There is a powerful opinion piece in this morning’s Haaretz, “Diaspora Jews Want to Be Israel’s Partners–Not Only Its Donors,” by Rabbi Jill Jacobs, the Executive Director of T’ruah: The Rabbinic Call for Human Rights.  It is worth quoting at some length, before I comment on it: 

“In January, a group of rabbinical students spending the year in Israel showed up at the Prime Minister’s residence with a stack of 725 letters from North American rabbis, cantors, rabbinical and cantorial students from all denominations of Judaism, and from throughout the United States and Canada, asking Prime Minister Netanyahu to cease plans for a new settlement that has roundly been criticized as an obstacle to long-term peace.”

“The Prime Minister’s office in Jerusalem declined to send even a low-level staff person to speak with the future leadership of the North American Jewish community, or to accept letters from many hundreds of its current leaders. To date, we have received no response from the Prime Minister….  a mistake that reflects a broader trend of dismissing the concerns of North American Jews.”

“We are increasingly disturbed by the settlement project…We have seen the human rights crisis created by these settlements. Settlers steal Palestinian land in order to expand their holdings. Restricting certain roads to Jews only prevents children from attending school, parents from traveling to work, and families from visiting one another. We are outraged when we see pictures of violent settlers, wearing kippot, vandalizing mosques, destroying olive trees, and assaulting Palestinian civilians. Images of segregated buses in the West Bank prompt ugly flashbacks of the pre-Civil Rights era in the United States.”
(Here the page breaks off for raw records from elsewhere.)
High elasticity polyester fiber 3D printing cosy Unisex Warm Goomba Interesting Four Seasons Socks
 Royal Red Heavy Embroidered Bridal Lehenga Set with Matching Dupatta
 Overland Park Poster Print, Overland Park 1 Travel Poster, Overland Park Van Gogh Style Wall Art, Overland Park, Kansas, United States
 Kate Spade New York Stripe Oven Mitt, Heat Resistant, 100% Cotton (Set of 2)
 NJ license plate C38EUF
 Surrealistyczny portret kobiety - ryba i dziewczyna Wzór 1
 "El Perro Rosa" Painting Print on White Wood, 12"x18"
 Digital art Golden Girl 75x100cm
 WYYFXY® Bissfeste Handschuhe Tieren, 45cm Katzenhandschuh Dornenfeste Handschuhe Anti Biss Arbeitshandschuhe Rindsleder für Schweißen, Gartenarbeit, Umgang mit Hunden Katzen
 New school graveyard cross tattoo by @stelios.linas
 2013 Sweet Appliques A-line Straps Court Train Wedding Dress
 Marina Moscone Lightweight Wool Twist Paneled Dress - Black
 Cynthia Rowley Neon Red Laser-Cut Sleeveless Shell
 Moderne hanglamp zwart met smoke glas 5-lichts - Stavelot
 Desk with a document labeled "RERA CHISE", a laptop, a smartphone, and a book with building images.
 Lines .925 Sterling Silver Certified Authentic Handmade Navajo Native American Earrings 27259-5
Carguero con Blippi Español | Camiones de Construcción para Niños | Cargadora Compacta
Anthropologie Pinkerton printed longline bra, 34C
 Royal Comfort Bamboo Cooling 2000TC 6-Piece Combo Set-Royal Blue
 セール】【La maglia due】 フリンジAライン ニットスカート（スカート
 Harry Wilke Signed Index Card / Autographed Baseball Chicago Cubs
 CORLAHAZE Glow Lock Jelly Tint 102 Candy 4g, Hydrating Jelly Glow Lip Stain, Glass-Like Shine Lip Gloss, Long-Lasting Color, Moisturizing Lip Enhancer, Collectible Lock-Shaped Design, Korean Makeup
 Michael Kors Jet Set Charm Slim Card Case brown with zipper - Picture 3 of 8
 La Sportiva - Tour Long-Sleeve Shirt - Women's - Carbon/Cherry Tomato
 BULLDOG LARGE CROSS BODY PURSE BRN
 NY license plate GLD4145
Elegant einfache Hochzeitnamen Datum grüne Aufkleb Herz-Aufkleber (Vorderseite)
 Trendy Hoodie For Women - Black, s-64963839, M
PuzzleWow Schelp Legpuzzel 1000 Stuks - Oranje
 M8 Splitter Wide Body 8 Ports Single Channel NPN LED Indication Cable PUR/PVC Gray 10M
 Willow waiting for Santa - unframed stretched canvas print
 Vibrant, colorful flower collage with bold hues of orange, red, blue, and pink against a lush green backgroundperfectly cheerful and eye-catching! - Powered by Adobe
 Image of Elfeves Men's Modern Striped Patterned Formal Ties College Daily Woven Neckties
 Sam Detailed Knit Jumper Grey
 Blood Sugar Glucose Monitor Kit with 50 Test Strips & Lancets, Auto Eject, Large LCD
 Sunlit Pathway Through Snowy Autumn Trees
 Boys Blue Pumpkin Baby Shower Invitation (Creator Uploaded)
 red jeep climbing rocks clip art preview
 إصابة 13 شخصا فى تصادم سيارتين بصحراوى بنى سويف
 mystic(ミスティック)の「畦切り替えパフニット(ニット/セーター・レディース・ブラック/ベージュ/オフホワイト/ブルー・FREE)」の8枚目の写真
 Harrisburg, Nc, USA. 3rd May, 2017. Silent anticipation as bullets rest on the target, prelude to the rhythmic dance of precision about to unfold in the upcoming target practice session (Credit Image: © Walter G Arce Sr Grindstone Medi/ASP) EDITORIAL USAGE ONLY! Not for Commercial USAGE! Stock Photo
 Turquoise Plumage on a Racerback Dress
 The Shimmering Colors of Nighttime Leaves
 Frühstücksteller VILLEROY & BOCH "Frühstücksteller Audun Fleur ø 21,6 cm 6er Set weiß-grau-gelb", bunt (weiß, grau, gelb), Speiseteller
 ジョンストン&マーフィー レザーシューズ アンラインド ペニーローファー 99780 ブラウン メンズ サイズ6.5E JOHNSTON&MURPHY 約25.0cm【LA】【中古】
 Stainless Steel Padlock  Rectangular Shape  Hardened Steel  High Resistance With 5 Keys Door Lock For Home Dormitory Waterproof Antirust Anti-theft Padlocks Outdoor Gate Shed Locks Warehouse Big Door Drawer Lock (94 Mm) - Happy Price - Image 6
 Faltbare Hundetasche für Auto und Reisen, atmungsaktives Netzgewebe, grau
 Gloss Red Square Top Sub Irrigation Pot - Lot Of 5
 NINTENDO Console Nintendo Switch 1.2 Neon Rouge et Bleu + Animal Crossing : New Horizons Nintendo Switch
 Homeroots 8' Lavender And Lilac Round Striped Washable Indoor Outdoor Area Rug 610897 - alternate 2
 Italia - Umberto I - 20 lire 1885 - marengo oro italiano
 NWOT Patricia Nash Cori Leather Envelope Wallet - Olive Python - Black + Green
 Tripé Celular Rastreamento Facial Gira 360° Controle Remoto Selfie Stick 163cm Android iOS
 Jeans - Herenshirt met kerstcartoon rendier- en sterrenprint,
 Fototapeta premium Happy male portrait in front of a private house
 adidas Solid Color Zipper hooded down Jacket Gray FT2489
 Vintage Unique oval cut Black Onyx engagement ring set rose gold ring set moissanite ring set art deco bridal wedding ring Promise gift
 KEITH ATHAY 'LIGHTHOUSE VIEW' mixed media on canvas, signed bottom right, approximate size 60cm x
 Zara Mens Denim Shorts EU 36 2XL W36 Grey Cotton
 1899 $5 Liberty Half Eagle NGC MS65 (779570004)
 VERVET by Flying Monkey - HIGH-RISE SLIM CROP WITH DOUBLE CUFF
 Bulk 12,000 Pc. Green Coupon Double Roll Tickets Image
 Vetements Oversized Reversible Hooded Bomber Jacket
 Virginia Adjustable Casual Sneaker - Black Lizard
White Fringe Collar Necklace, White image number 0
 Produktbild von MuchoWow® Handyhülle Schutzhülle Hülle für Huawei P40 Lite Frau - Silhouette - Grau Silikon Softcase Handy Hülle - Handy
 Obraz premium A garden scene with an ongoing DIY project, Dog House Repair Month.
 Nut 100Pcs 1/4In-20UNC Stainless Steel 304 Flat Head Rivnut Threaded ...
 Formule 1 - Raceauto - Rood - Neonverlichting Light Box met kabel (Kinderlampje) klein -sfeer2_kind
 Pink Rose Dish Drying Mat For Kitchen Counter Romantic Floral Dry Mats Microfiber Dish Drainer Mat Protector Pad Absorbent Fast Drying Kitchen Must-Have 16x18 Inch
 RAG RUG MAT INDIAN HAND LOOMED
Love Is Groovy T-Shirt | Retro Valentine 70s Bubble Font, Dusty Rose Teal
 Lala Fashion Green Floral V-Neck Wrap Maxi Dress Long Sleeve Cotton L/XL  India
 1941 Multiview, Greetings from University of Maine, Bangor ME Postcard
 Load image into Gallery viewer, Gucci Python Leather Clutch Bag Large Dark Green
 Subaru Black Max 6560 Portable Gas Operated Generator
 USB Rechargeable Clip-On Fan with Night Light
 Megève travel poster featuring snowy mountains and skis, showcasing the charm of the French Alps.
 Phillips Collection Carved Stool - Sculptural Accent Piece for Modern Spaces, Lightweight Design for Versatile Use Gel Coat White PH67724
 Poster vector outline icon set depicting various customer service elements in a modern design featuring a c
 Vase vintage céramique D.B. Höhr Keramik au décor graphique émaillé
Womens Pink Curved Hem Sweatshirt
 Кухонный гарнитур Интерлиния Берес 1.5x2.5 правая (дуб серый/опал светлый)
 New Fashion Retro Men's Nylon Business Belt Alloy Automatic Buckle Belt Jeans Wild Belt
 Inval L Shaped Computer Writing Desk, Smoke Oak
“We believe that Israel must continue to exist as a safe and secure Jewish state. But we’re not willing to stand by as the current Israeli government destroys the chances for peace, isolates itself from the world, and angers the United States—its closest ally….[We] must explain to members of other communities, members of our own communities, and even our children why a state built on Jewish values perpetuates a military occupation of another people….We are increasingly unwilling to give the Israeli government a pass on the standards to which we hold the rest of the world.”

Excellent points, all of them–but delivered to the wrong address.  Netanyahu–and most Israelis, it must agonizingly be admitted–are impervious to such arguments.   The much more important audience would be Congress and Obama. 

There’s no chance for an end to the Israeli occupation and an Israeli agreement to allow the creation of a genuinely independent and viable Palestinian state, in the absence of serious and sustained US pressures on Israel. And there’s no chance of such pressures unless the American Jewish community educates and yes, pressures Congress and the president to end the traditional American policy of near unconditional support for Israeli policies.

In short, the letters, the protests, the lobbying of concerned American Jews must be focused not so much on the Israeli government, but our own. Now there would be a true “Jewish Lobby” worthy of our support.

A version of this post first appeared on Jerome Slater’s site today.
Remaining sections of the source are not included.